Степан неловко приласкал кудлатую, в испарине голову подростка.
— Учишься?
— Ползимы ходил… Лапти истрепал, а больше нетути. Школа у нас далече!
Ветер шевелил выцветшие добела Николкины волосы. Мальчишка присматривался к Степану, перебирая по нагретому чернозему босыми, в цыпках и ссадинах ногами. Боялся какой-нибудь неожиданной выходки со стороны взрослого, насмешки… Но Степан держался просто, как с равным. Лицо у него было доброе, задумчивое. В Николке он видел и свое недавнее детство, растраченное на чужой полосе, лучшие годы, золотом высыпанные в хозяйские сундуки.
— Лапти истрепал — не беда, — сказал Степан. — Сапоги сошьем. Понял? Школу выстроим поближе. Революция, брат! Слыхал песню
«Кто был ничем, тот станет всем»? Николка слушал, округлив смышленые глаза. У него пересохло в горле.
— А у нас, братка, Гагарина порешили, — поспешил он сообщить в свою очередь. — Навалились всей Жердевкой, да Осиновка подоспела, да Кирики с Татарскими Бродами… Ух! По кусочкам имение разнесли.
— Что же ты себе принес? — улыбался Степан, слышавший о разгроме селянами, еще при керенщине, ненавистного княжеского гнезда.
— Я-то? — Николка смутился, дернул носом! — Я пешком ходил… Кто на лошадях, те понавозили! Афонюшка, старая шельма, три подводы гонял! У него сейчас в горнице — господские шкапы, часы стоячие, самовар серебряный….
— Так, так, — улыбка сползла с загорелого Степанова лица. — Ну, ладно… Всякому делу — свой черед.

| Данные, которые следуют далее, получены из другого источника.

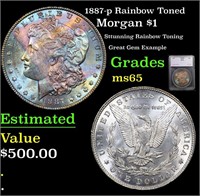 1887-p Morgan Dollar Rainbow Toned $1 Graded ms65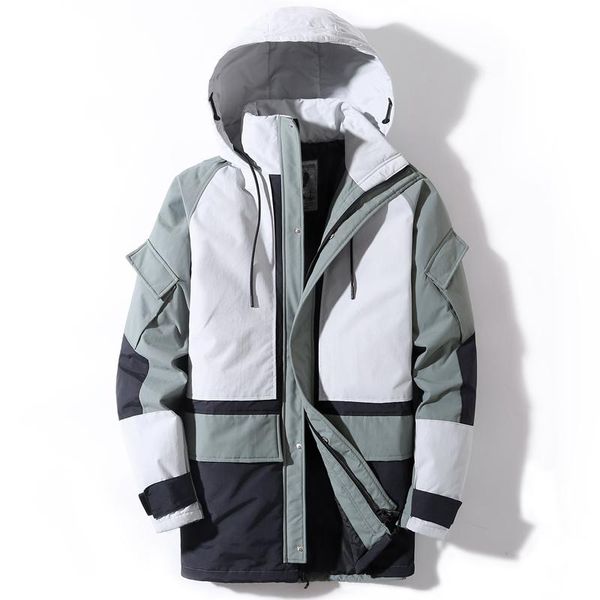

winter long down jacket men 2021 winter down coat hooded patchwork windproof coat men outerwear white duck parkas, Black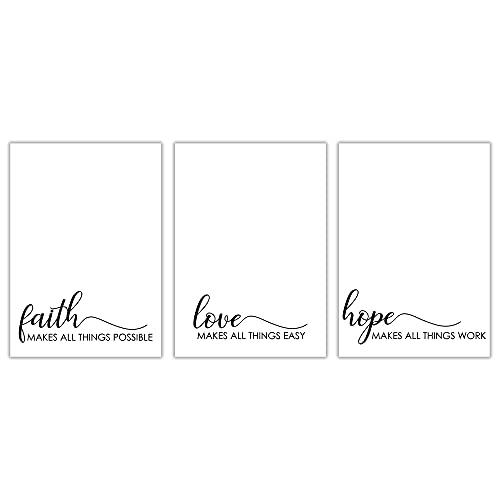 Hygge Creations Faith, Love & Hope (3 Stück) inspirierende Wandkunstdrucke – Typografie-Drucke | Heimdekordruck nur A3 von Hygge Creations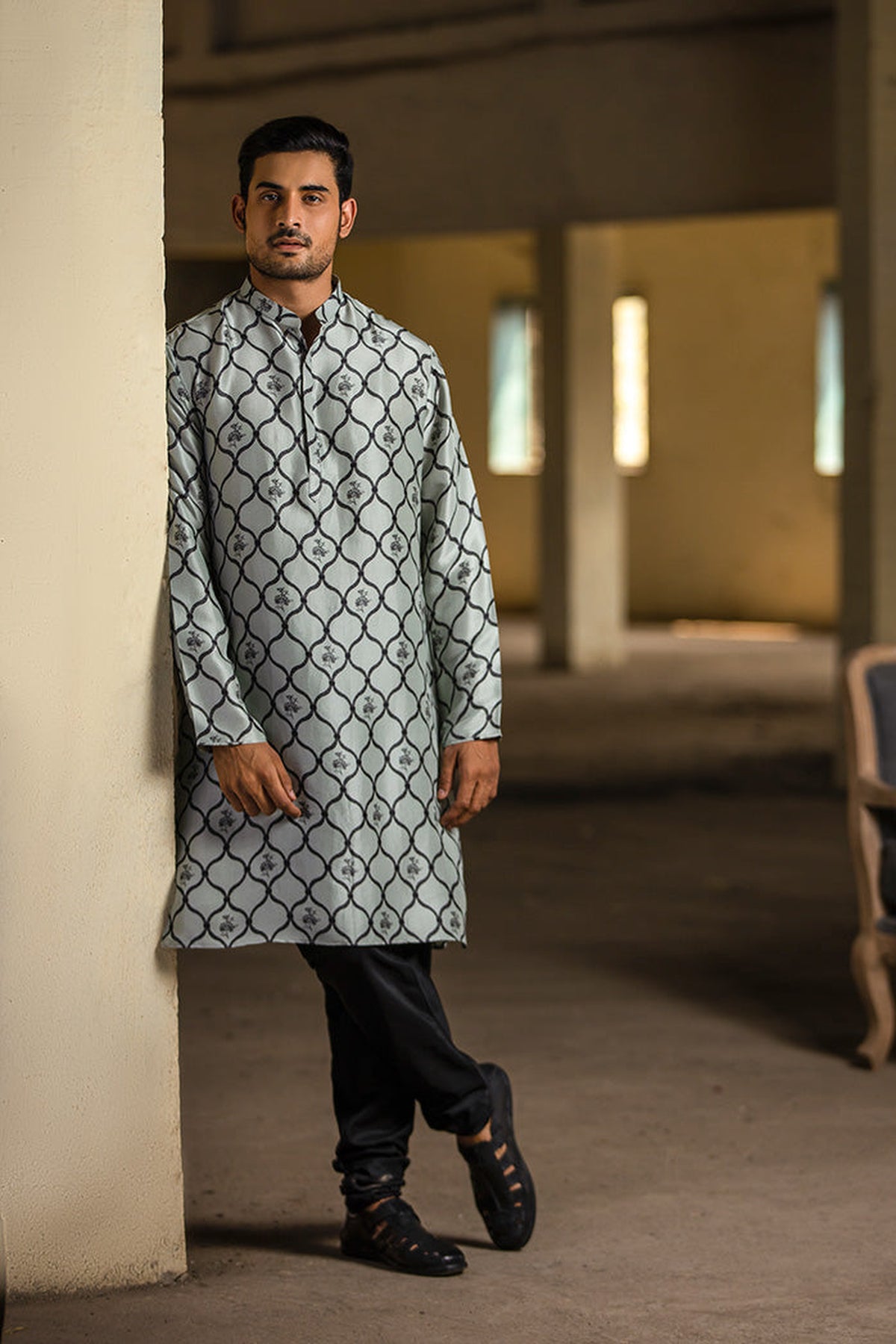 POWDER BLUE PRINTED SILK KURTA WITH BLACK COTTON SILK CHURIDAR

Николка восхищенно смотрел на брата. Ему хотелось стать таким же умным и смелым, носить такую же серую куртку и этот верный наган за поясом,
С дрожью в голосе он рассказывал:
— Когда прошел слух о твоей смерти, у нас дома плакали, а Бритяк смеялся над тобой. Ни чуточки ему, знать, не жалко, всякую всячину молол. Будто ты до пяти лет материну грудь сосал да барина напугал…
— Николка, на круг! — завизжала с тока Марфа, Бритякова невестка. — Живо! Куда тебя запропастило?
Паренек сорвался, точно его огрели батогом; мелькнули голые пятки, зашуршала огородная зелень… И через минуту засвистел на конном приводе:
— И-эх, го-лу-би-и… Наддай!
Степан шел обратно, уже не замечая летавших над подсолнухами пчел, отцветающей картофельной ботвы. Забыл о дивных волнующихся полях и ласкающих взор перелесках. Перед глазами стоял худой, забитый ребенок: «Все ведь умею: косить, пахать…»
Встреча с братишкой отрезвила Степана. Он вдруг ясно понял, что революция здесь, в жердевской глуши, только начинается. Предстоит жестокая битва с бритяками, успевшими прибрать к рукам и помещичье добро.
Переступив порог своей избы, Степан тотчас сел, чтобы не подпирать затылком низкого потолка. В сумеречной духоте жужжали голодные мухи. Шаткий, о трех ножках стол и лавка, изъеденная червем, наглухо приколоченная к стене, — все это знакомо с давних пор.